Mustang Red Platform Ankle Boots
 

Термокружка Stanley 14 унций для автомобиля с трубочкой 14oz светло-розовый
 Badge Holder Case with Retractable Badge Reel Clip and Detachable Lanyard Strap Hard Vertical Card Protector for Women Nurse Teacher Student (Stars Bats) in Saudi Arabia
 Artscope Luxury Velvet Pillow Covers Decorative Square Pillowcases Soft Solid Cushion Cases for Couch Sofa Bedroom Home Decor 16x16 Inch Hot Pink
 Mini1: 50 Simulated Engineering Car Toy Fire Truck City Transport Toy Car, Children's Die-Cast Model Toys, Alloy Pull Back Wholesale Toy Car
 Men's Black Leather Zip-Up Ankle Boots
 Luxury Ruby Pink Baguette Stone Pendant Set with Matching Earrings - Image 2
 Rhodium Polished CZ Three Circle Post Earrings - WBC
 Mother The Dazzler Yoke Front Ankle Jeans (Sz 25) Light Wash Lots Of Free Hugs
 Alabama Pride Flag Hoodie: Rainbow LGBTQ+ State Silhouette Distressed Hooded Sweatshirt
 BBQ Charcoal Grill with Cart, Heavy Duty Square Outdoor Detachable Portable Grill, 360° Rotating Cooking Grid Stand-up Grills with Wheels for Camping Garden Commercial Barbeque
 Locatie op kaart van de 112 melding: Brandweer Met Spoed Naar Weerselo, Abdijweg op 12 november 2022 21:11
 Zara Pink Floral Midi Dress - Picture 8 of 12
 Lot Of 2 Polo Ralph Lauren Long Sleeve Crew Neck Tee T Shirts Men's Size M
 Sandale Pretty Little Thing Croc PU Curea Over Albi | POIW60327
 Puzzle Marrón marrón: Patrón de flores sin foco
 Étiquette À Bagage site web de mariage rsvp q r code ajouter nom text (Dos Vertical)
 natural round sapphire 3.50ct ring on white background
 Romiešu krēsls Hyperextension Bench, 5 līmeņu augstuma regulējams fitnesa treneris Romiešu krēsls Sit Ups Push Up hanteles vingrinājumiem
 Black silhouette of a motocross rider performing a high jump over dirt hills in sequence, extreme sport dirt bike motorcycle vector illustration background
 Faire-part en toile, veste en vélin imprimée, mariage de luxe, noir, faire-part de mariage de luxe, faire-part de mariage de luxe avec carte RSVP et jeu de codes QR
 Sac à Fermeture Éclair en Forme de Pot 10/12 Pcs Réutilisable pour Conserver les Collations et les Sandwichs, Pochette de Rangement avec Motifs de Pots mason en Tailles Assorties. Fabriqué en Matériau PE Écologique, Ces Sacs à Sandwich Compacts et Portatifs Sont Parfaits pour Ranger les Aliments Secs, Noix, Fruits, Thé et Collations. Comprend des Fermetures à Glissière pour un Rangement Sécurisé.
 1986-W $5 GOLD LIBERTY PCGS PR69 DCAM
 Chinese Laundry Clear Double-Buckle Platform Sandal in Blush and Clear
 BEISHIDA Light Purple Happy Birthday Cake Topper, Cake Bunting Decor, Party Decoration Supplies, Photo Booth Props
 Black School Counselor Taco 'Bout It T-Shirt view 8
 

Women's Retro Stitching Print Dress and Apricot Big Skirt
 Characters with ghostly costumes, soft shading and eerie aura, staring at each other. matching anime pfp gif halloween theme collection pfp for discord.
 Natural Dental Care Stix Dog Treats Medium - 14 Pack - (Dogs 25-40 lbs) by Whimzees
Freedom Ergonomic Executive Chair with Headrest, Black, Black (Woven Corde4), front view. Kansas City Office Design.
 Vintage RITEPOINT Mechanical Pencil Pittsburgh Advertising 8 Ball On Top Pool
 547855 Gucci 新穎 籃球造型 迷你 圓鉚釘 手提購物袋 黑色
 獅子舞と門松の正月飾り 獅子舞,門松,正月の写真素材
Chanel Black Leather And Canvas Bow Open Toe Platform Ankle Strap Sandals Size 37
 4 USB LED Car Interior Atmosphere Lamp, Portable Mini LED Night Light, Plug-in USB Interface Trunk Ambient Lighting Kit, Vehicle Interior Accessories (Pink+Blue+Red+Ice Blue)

--

Exercise
Retype the portion of the data above that starts on the line with "natural round sapphire" and finishes on the line with "Black silhouette of", including both of those lines.

Result for this task
 natural round sapphire 3.50ct ring on white background
 Romiešu krēsls Hyperextension Bench, 5 līmeņu augstuma regulējams fitnesa treneris Romiešu krēsls Sit Ups Push Up hanteles vingrinājumiem
 Black silhouette of a motocross rider performing a high jump over dirt hills in sequence, extreme sport dirt bike motorcycle vector illustration background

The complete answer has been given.